Lire "Le Serviteur" d'Henri Bachelin

Le serviteur d’Henri Bachelin publié en 1918 chez Flammarion, est un récit autobiographique poignant qui a valu à son auteur le prix Femina la même année. Ce livre, écrit à la deuxième personne du singulier, est un hommage émouvant à son père, journalier et sacristain dans une bourgade du Morvan à la fin du XIXe siècle. À travers une prose sobre et sensible, Bachelin retrace la vie humble et résignée de cet homme qu’il considère comme une figure quasi sainte, marquée par le labeur et la foi.

Éloge de la simplicité

Il est des auteurs qui de leur vivant ont occupé sur la scène littéraire une place non négligeable et qui disparaissent de manière énigmatique. S’il est vrai que le temps discrimine souvent avec discernement, la règle n’est heureusement pas intangible. Des œuvres méritent d’être encore lues et sorties de l’oubli dans lesquelles elles sommeillent.
Il en est ainsi du Serviteur d’Henri Bachelin paru chez Flammarion en 1918, qui, la même année fut cité pour le Goncourt, et décrocha le prix Fémina.
Auteur et critique prolixe, H. Bachelin était un passionné de musique religieuse et spécialiste reconnu de l’orgue à laquelle il consacra un ouvrage théorique de référence (L’Orgue, ses éléments, son histoire, son esthétique).
Homme de lettres, il a croisé les routes littéraires d’André Gide ou de Paul Léautaud. De la génération de Maurice Genevoix et Romain Rolland, il fut l’ami de Jules Renard (dont il édita les œuvres complètes chez François Bernouard). Mais contrairement à ces derniers, il n’eut ni Jean-Christophe, ni Poil de Carotte pour assurer sa postérité.

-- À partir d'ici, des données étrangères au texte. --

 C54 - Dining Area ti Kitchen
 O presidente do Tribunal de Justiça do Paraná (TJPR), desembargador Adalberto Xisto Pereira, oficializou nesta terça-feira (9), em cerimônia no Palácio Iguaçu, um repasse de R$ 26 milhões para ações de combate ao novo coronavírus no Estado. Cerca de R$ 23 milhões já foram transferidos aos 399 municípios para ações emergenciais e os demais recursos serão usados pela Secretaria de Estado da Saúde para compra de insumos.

Le serviteur pourtant aurait mérité un souvenir pérenne, car tout y est modeste et tout nous y apparaît grand.
Henri Bachelin nous offre ici une œuvre où la simplicité de la prose n’est jamais synonyme de superficialité. Au contraire, elle invite le lecteur à une immersion totale dans la profondeur des émotions humaines et des vérités universelles.

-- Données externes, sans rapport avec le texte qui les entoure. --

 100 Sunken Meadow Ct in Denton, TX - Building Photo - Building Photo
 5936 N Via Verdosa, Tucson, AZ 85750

L’auteur y rend un hommage à son père, journalier et sacristain, qui mena une vie humble et résignée dans une bourgade du Morvan à la fin du XIXe siècle. Ce livre – qui n’est pas un roman mais plutôt un récit autobiographique – retrace les travaux et les jours d’un homme qui fut, pour son fils, une manière de saint.
L’ouvrage se distingue formellement car il est l’un des rares (et des tout premiers) écrits à la deuxième personne du singulier. Ce choix peu commun est néanmoins opérant car il induit une intimité attachante avec ce père pudique et admirable.

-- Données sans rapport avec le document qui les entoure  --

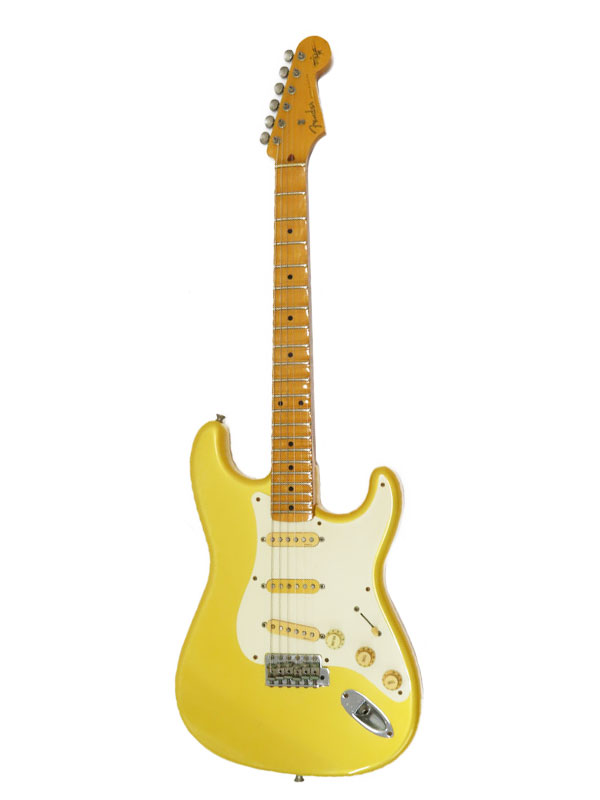 【FenderJAPAN】フェンダージャパン『エレキギター』ST57-140YM 1994~95年製 1週間保証【中古】 名　称 エレキギター 型　番 ST57-140YM 年　式 1994~95年製 種　類 エレキギター 材　質 ボディ：バスウッド ネック：メイプル フィンガーボード：メイプル ピックアップ： フロント）DiMarzio DP-117 センター）ST-Vintage(Japan) リア）DiMarzio DP-117 重　量 約3.36kg ギャランティー 販売店印有 付属品 フェンダーハードケース 保証期間 1週間保証 ランク B 品 状　態 【ネック】：ストレート 【フレット】：残り6割程度 【ロッド】：余裕あり 【ナット幅】：約41.9mm ・ボディなどに傷、スレ、打痕が見られ、金属パーツにくすみ、腐食が見られます。 ・塗装に色焼けが見られます。 ・付属ハードケースに汚れ、劣化、傷みが見られます。 ・トレモロアームが欠品しております。 専門の工房にて、フレットのすり合わせ、ナット調整、ネックのセットアップを含むメンテナンス済みで、 プレイヤーズコンディションには特に目立った問題はありません。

Le récit quant à lui s’inscrit dans un temps aujourd’hui disparu et narre avec grande justesse une époque où les saisons, la nature et Dieu sont encore intriqués de manière immuable. C’est la France rurale des villages d’avant la Grande Guerre, où les jours s’écoulent au gré des saisons et où l’on s’accommode encore du peu. On travaille non pour s’enrichir, mais pour subsister, on contemple les soirées d’été étoilées, on connaît sa place future au cimetière.
Le serviteur décrit un monde disparu, englouti par notre modernité et à ce titre, il demeure un témoignage émouvant d’une époque devenue fantomatique, mais encore présente au cœur de ceux qui scrutent la vie dans une mémoire au long cours.